I suspect most men think primping is just out of vanity. To me, it has nothing to do with looks. Mostly, it’s mental preparation for presenting ourselves in the best possible light; being fun and attractive while still staying spiritually grounded.

When I get ready, especially before a first date, I spend a lot of time in prayer, silencing the Relationship X Ray Machine, who is not invited. I also spend some time asking for divine guidance in my words and actions.

The Bachelor’s Molly Mesnick On First-Date Makeovers

 But even if men think women who spend too much time getting ready are doing so out of vanity, they need to think twice about that.Men, this woman is getting ready to spend time with you. If you’ve ever transmitted the message that you want her to look her best, stop complaining about the time it takes. A compliment, instead, would be far more helpful. 

 

3. Pushing to meet the family too soon. I’ve learned the hard way about this one, and now, I’m in complete agreement with guys about it. When I was younger, I’d drag him to meet my family after just a few weeks. Not only did it put pressure on him, but it gave my family a lot of grief. They were all set in their minds that this was a potential mate, only to get the news a few weeks later that it didn’t work out. This is unfair to everyone involved. Don’t put your date or your family through the rigamarole of meeting until your relationship is on terra firma. Trust me on this – everyone will be much happier. 

 

4. Getting fussy about diets. This goes both ways: women complaining about what their boyfriends eat and women who are on diets themselves. Just about every guy I know, friends or otherwise, cannot stand a fussy eater. I am with them on this one, but I do think there’s one caveat to mention: If a man wants his girlfriend to maintain a slender figure, he should not complain about her constrictive eating habits.
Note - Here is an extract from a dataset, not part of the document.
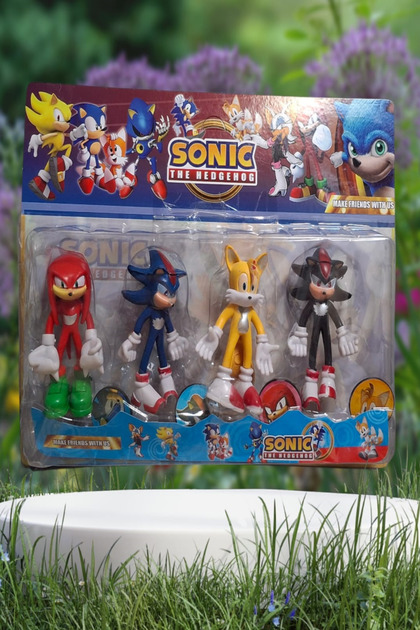 HOŞGARDENS Kirpi Sonıc Oyuncak Tails-Super Sonıc-Knuckles- 4'lü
It’s beyond unfair to state a preference for thin women and expect them to scarf down hot dogs and beer at every cook-out or complain that they eat nothing but salad.

As far as the other typical girlfriend thing, women complaining about what their men eat: Unless their men demand they cook it, women need to remain quiet. This goes back to wanting to change him. If all he has in his refrigerator is condiments and beer, bring your tofu salad when you go to his house. Let him eat what he wants, even if it’s cereal for dinner. Don’t invite him out for Thai food if he’s a meat and potatoes man. 

 

5. Making him go places no man should go. Let’s take shopping. I am with the guys on this one, but that’s because I am not a shopper. But even if you were born to shop and the mall is your favorite place to be, why would you want to drag someone along who doesn’t want to be there? Ladies, limit the shopping trips for times with your girlfriends. Or perhaps the two of you could come to a compromise about it: She can shoe shop while he checks out power tools.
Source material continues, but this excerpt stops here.